It's been a while since I've last rewritten my favorite lexical analyzer :-) That post is the last in a series implementing a lexer for the TableGen language in a variety of programming languages, using multiple techniques. The last lexer written, in Go, was very fast indeed - processing 1 MiB of source in about 20 milliseconds.

The other day I started wondering whether Go compiler improvements from the last few years made this code run any faster. Back in 2014 I measured it with Go 1.2, and now Go 1.18 is out. So I tried (on the same machine) with some newer Go versions; the full code for this is still here, and the benchmark is run as follows [1]:

$ TDINPUT=input.td go test -bench=Preall -benchtime=5s

These are the results:

Benchmark results for different Go versions

Go 1.5 is comparable to 1.2, but by 1.10 there was a significant improvement in performance, and a further improvement in later versions. The code produced by Go 1.18 is more than twice as fast as the original lexer. Now it takes only ~9.6 ms to process the same 1 MiB of TableGen source!

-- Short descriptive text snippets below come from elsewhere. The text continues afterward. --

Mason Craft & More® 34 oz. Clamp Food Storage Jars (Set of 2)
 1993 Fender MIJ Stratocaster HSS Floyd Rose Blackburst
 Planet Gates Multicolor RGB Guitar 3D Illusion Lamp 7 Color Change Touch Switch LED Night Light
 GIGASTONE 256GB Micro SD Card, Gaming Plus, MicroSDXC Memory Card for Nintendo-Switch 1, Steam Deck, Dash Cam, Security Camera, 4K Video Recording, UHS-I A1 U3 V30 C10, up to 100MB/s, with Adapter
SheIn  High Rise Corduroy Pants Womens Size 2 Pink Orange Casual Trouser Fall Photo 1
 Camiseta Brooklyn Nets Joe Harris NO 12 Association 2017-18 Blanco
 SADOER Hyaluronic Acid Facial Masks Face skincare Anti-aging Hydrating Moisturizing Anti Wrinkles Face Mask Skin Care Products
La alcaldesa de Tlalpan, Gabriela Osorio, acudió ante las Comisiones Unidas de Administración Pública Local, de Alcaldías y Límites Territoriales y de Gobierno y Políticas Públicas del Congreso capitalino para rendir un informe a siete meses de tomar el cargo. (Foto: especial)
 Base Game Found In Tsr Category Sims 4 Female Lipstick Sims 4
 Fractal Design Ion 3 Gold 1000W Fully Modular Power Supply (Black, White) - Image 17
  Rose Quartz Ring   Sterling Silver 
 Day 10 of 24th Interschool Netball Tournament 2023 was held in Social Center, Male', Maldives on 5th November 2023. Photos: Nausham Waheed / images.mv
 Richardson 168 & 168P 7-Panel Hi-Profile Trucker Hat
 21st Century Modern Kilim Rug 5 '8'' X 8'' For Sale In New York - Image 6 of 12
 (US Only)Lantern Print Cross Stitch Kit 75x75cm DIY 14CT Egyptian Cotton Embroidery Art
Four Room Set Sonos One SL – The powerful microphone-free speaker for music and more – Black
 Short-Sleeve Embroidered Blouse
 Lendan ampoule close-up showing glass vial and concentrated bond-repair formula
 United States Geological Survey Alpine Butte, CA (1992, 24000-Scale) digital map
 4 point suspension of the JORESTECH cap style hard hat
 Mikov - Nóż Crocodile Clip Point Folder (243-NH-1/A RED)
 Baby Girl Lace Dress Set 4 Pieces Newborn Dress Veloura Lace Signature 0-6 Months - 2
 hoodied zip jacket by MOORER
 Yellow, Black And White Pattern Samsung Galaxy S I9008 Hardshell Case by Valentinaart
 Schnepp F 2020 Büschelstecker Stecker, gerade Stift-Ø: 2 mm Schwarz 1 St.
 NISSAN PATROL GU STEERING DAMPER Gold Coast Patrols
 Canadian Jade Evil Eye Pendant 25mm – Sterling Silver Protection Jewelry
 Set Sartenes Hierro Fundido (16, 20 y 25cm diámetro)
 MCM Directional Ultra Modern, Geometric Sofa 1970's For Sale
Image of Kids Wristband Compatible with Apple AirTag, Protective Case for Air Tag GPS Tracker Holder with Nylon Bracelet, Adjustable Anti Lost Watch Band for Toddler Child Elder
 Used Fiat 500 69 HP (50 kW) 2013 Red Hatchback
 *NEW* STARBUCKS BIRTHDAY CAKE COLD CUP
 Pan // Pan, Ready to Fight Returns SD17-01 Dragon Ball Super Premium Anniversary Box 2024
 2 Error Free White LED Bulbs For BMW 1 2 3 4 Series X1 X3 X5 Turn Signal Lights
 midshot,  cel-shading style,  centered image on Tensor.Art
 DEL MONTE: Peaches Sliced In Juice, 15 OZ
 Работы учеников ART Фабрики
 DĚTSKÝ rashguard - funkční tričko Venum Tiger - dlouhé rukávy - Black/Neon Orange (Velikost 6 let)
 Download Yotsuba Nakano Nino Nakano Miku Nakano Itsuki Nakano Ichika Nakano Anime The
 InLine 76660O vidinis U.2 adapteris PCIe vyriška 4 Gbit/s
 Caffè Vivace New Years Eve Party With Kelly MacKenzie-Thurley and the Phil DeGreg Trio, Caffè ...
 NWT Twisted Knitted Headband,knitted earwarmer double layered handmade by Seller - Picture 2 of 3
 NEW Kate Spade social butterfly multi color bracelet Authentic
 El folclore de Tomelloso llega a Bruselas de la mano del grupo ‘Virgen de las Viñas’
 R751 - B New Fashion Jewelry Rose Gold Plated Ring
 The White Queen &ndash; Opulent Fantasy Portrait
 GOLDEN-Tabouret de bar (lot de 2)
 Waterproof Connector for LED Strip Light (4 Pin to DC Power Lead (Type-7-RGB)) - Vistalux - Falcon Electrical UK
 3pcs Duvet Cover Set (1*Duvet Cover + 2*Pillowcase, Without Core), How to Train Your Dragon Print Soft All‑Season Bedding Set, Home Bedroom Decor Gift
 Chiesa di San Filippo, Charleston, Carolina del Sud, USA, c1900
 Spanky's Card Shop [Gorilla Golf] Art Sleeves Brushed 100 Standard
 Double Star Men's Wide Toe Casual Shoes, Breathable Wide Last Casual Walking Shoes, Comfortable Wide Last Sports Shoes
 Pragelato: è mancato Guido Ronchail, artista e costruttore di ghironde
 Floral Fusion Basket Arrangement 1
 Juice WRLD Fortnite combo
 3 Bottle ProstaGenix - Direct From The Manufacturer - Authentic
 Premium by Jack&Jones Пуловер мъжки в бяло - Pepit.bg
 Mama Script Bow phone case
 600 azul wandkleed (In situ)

Looking deeper into the performance of this lexer

This got me curious - what does the lexer spend its time on? Since Go has fantastic tooling for performance profiling, time to whip up some flags... This will be for the most recent version of Go (1.18):

$ TDINPUT=input.td go test -cpuprofile cpu.out -bench=Preall -benchtime=5s
...

# --nodefraction tells pprof to ignore nodes that take less than 5% of the
# total time - this significantly reduces the clutter in the produced graph

$ go tool pprof --nodefraction=0.05 ./example.com.test cpu.out
...
(pprof) web

Here's the important part of the profile:

pprof CPU profile for the lexer

As expected, the next function is very heavy in the profile, as it should be, since this is the main code taking characters from the input stream and making them ready for the lexer to process:

func (lex *Lexer) next() {
  if lex.nextpos < len(lex.buf) {
    lex.rpos = lex.nextpos

    // r is the current rune, w is its width. We start by assuming the
    // common case - that the current rune is ASCII (and thus has width=1).
    r, w := rune(lex.buf[lex.nextpos]), 1

    if r >= utf8.RuneSelf {
      // The current rune is not actually ASCII, so we have to decode it
      // properly.
      r, w = utf8.DecodeRune(lex.buf[lex.nextpos:])
    }

    lex.nextpos += w
    lex.r = r
  } else {
    lex.rpos = len(lex.buf)
    lex.r = -1 // EOF
  }
}

Assuming that most characters in the stream are within ASCII bounds, what this function does on each call is very little. FWIW, it's very similar to how the inner loop of Go's own text/scanner package works.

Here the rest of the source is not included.